The next evolution in combat was maneuver warfare, which combined the benefits of massed elements with the ability for multiple massed elements to maneuver across long distances and mutually support each other. This was a superior innovation to mass on its own because it allowed separate formations to move as independent elements to outflank the enemy and force the enemy into a disadvantageous fighting position. Maneuver warfare requires greater mobility than massing, however, as well as the ability to communicate effectively between separated fighting elements.

Mass vs Maneuver
Maneuver warfare combines the advantages of mass with increased mobility. In maneuver warfare, mutually supporting separate massed formations move as independent elements to outflank the enemy and force the enemy into a disadvantageous fighting position. Maneuver warfare requires greater mobility than massing as well as the ability to communicate effectively between separated fighting elements.

From maneuver to swarm

Arquilla and Ronfeldt’s hypothesis was that maneuver was not the culmination of combat doctrine, but rather another stage of evolution that would be superseded by swarming. In swarming, large numbers of dispersed individuals or small groups coordinate their actions to fight as a coherent whole.

Swarm warfare, therefore, combines the highly decentralized nature of melee combat with the mobility of maneuver and a high degree of organization and cohesion, allowing a large number of individual elements to fight collectively. Swarming has different organization and communication requirements than maneuver warfare, since the number of simultaneously maneuvering and fighting individual elements is significantly larger.

Maneuver vs Swarm
Swarm warfare combines the highly decentralized nature of melee combat with the mobility of maneuver and a high degree of organization and cohesion, allowing a large number of individual elements to fight collectively. Swarming has much higher organization and communication requirements than maneuver warfare, since the number of simultaneously maneuvering and fighting individual elements is significantly larger.

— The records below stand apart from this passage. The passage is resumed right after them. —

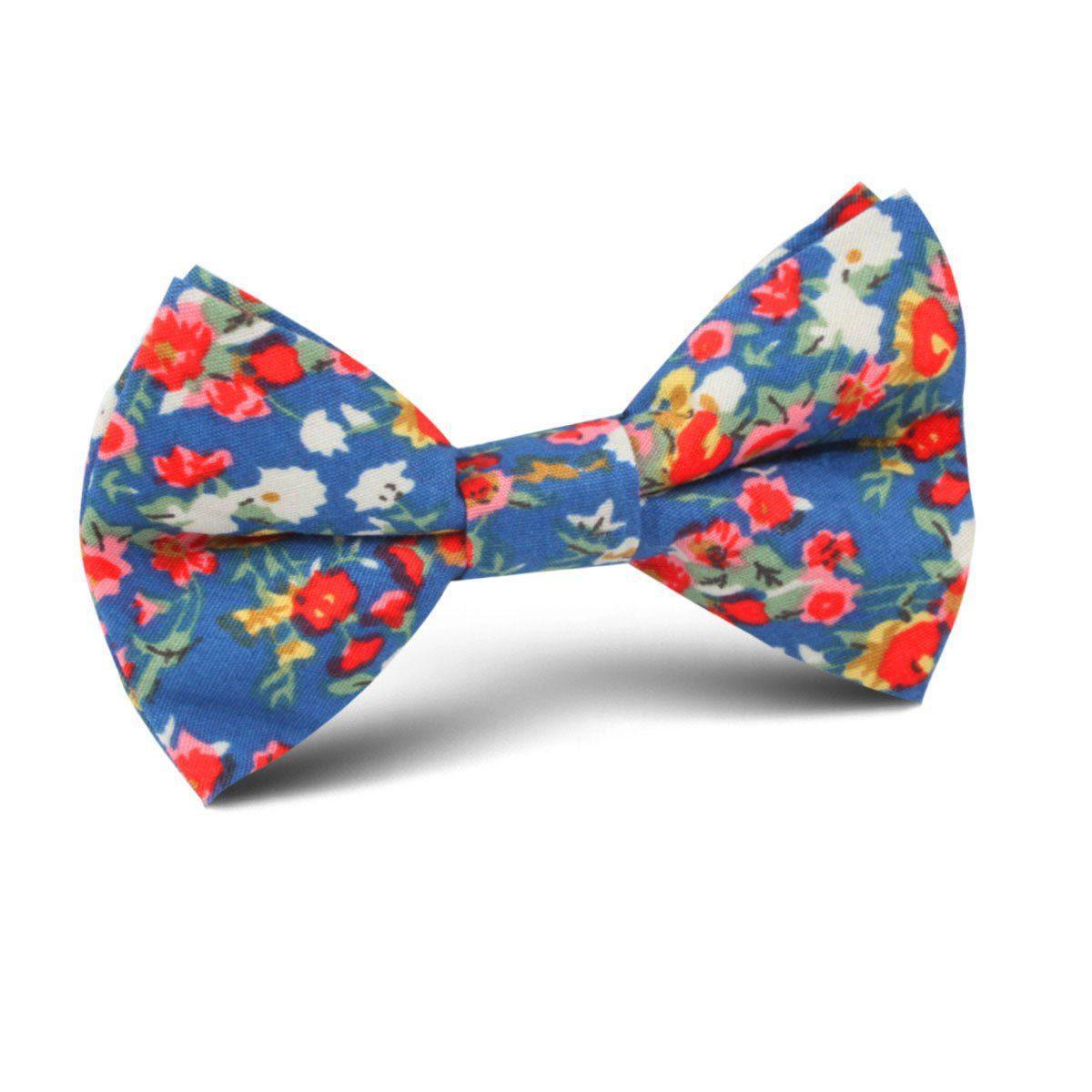 Seule_Ce_Soir_Floral_Kids_Bow_Tie-713612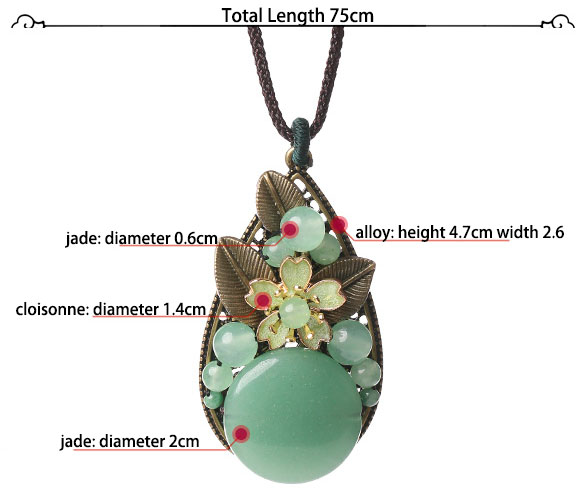 Handmade Adjustable String Jade Beads Necklaces
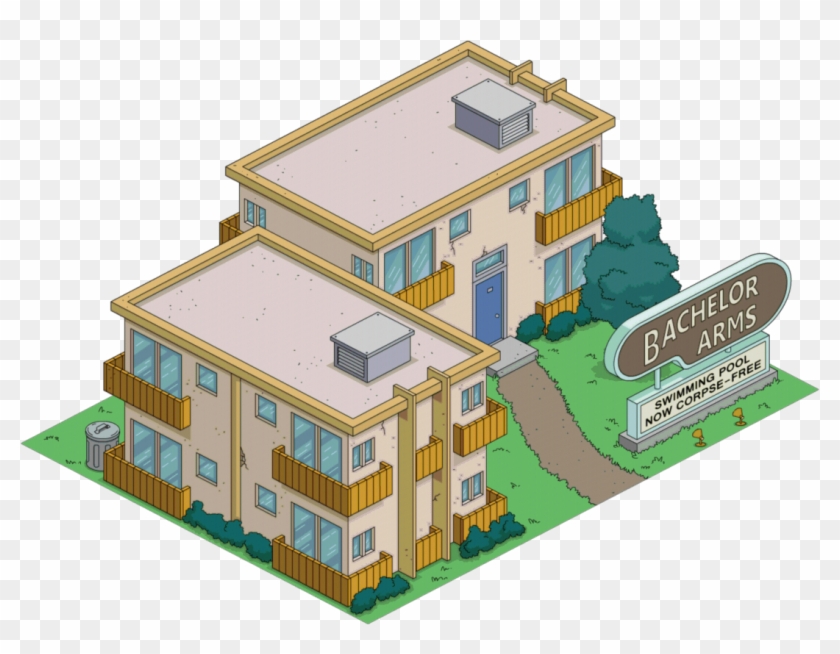 Bachelor Arms Apartments - Bachelor Arms Simpsons Tapped Out #979288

Challenges to fighting as a swarm

These four types of warfare – melee, mass, maneuver, and swarm – require increasingly sophisticated levels of command-and-control structures and social and information organization. Examples of all four forms, including swarming, can be found dating to antiquity, but widespread use of higher forms of warfare did not occur until social and information innovations, such as written orders, signal flags, or radio communication, enabled coherent massing and maneuver.

Swarming tactics date back to Genghis Khan, but have often played a less-than-central role in military conflict. Recent examples of swarming in conflict can be seen in extremely decentralized organizations like protest movements or riots. In 2011, London rioters were able to communicate, via London’s Blackberry network, the location of police barricades. They were then able to rapidly disperse to avoid the barricades and re-coalesce in new areas to continue looting. The police were significantly challenged in their ability to contain the rioters, since the rioters actually had better real-time information than the police. Moreover, because the rioters were an entirely decentralized organization, they could more rapidly respond to shifting events on the ground. Rioters did not need to seek permission to change their behavior; individuals simply adjusted their actions based on new information they received.

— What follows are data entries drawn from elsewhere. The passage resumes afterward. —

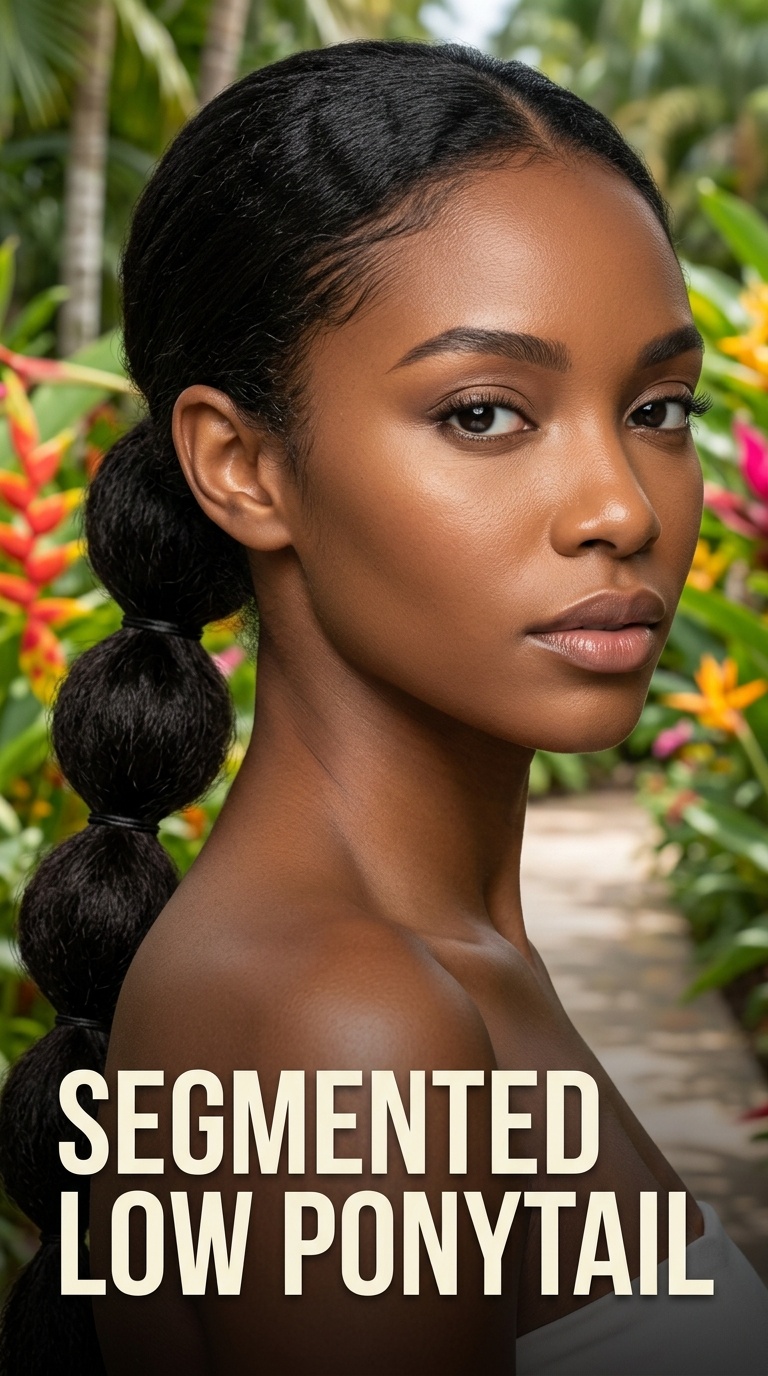 Segmented Low Ponytail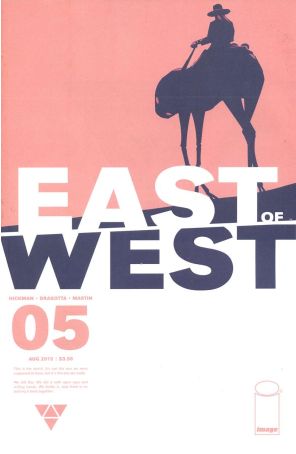 East of West 5 published by Image with cover art by Nick Dragotta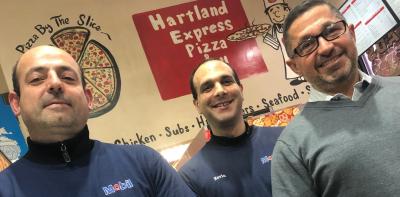 Hartland Pizza Grill owner and staff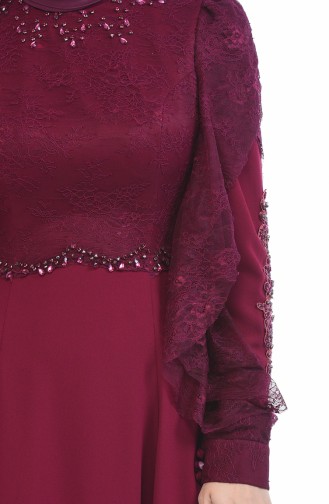 Spitzen Abendkleid 7028-01 Zwetschge 7028-01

This example points to some of the challenges in swarming. Effectively employing swarming requires a high degree of information flow among disparate elements; otherwise the fighting will rapidly devolve into melee combat. Individual elements must not only be connected with one another and able to pass information, but also able to process it quickly. It also depends upon the ability to treat individual elements as relatively sacrificial, since if they are isolated they may be subject to being overwhelmed by larger, massed elements. Finally, and perhaps most challenging for military organizations, swarming depends on a willingness to devolve a significant amount of control over battlefield execution to the fighting elements closest to the battlefield’s edge. Thus, swarming is in many ways the ultimate in commander’s intent and decentralized execution. The resulting combat advantage is far greater speed of reaction to enemy movements and battlefield events in real-time.

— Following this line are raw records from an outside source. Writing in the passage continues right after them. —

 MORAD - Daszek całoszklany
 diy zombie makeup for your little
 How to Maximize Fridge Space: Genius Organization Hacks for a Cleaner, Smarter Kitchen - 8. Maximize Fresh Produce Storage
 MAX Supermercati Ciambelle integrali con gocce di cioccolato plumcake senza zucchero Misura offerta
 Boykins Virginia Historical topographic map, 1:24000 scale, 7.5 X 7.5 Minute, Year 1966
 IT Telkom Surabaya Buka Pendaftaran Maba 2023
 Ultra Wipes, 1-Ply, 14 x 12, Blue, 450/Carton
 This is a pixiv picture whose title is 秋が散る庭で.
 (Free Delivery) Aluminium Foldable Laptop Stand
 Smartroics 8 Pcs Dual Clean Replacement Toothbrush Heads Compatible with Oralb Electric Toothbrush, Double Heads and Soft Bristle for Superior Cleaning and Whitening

The Operational Advantages of Robot Swarms

The information-processing and communications requirements of swarming, as well as the requirement to treat individual elements as relatively sacrificial, makes swarming a difficult tactic to employ with people. It is ideal, however, for robotic systems. In fact, as militaries deploy large numbers of low-cost robotic systems, controlling each system remotely as is done today would be cost-prohibitive in terms of personnel requirements. It will also slow down the pace of operations. Autonomous, cooperative behavior of multiple robotic systems operating under human command at the mission level will be necessary to control large numbers of robotic systems. Autonomous, cooperative behavior will also unlock many advantages on the battlefield in terms of greater coordination, intelligence and speed. A few examples are given below:

  • Coordinated attack and defense – Swarms could be used for coordinated attack, saturating enemy defenses with waves of attacks from multiple directions simultaneously, as well as coordinated defense. Swarms of small boats could defend surface vessels from enemy fast attack craft, shifting in response to perceived threats. Defensive counter-swarms of aerial drones could home in on and destroy attacks from incoming swarms of drones or boats.
  • Dynamic self-healing networks – Swarming behavior can allow robotic systems to act as dynamic self-healing networks. This can be used for a variety of purposes, such as maintaining surveillance coverage over an area, resilient self-healing communications networks, intelligent minefields or adaptive logistics lines.
  • Distributed sensing and attack – Swarms can perform distributed sensing and attack. Distributing assets over a wide area can allow them to function as an array with greater sensor fidelity. Conversely, they can also, in principle, conduct distributed focused electronic attack, synching up their electromagnetic signals to provide focused point jamming.
  • Deception – Cooperative swarms of robotic vehicles can be used for large-scale deception operations, performing feints or false maneuvers to deceive enemy forces. Coordinated emissions from dispersed elements can give the impression of a much larger vehicle or even an entire formation moving through an area.
  • Swarm intelligence – Robotic systems can harness “swarm intelligence” through distributed voting mechanisms, which could improve target identification, geolocation accuracy, and provide increased resilience to spoofing.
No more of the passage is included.